What the exercise asks: Look below for the line with "GM to Shut Most Factories for 9 Weeks". Retype it and every line after it to the end, exactly, but leave out the pictures.

Dataset excerpt:
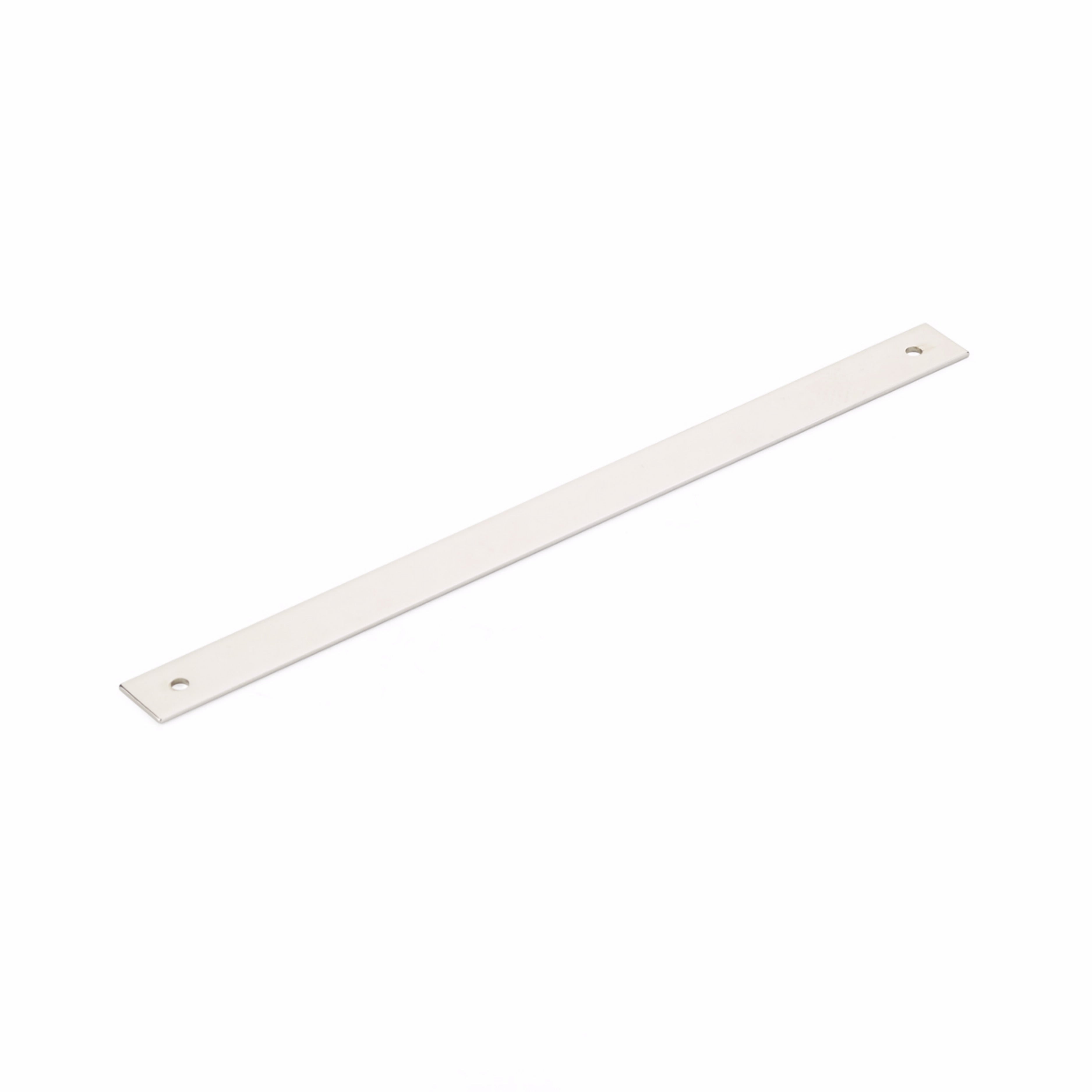 Schaub 5110B-PN 10" Center to Center Pub House Backplate for Pull Polished Nickel Finish Sparrow Supply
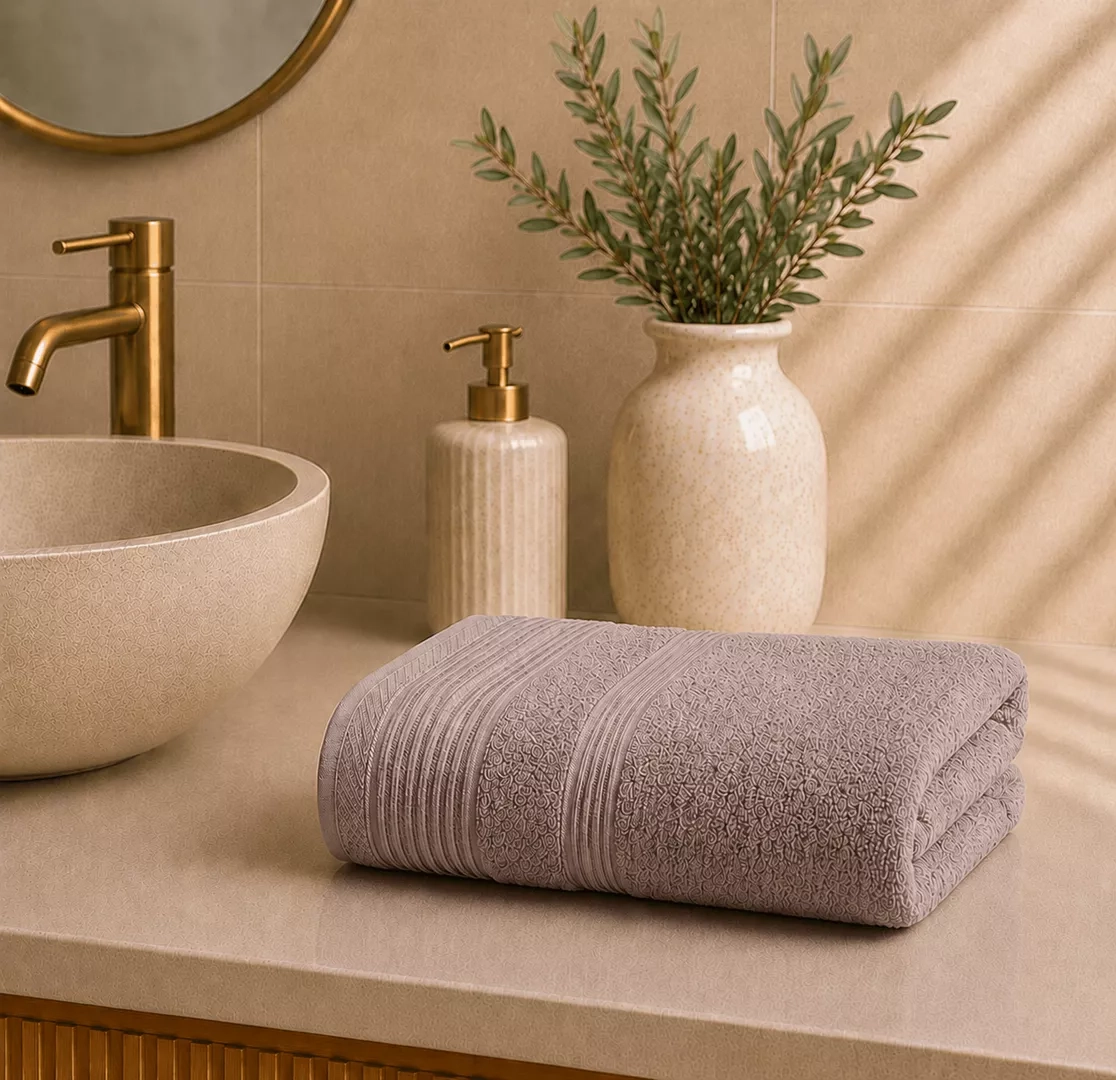 Πετσέτα Προσώπου 50×90 Dusty Rose - 50x90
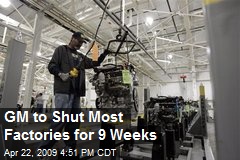 GM to Shut Most Factories for 9 Weeks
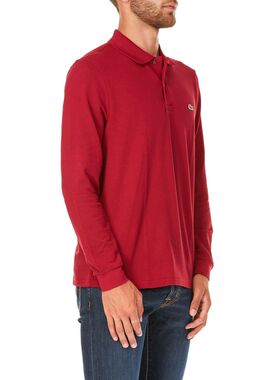 1h可退 LACOSTE 男士T恤 L1312476 AW2023 酒红色 LACOSTE MEN'S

Result of this task:
 GM to Shut Most Factories for 9 Weeks
 1h可退 LACOSTE 男士T恤 L1312476 AW2023 酒红色 LACOSTE MEN'S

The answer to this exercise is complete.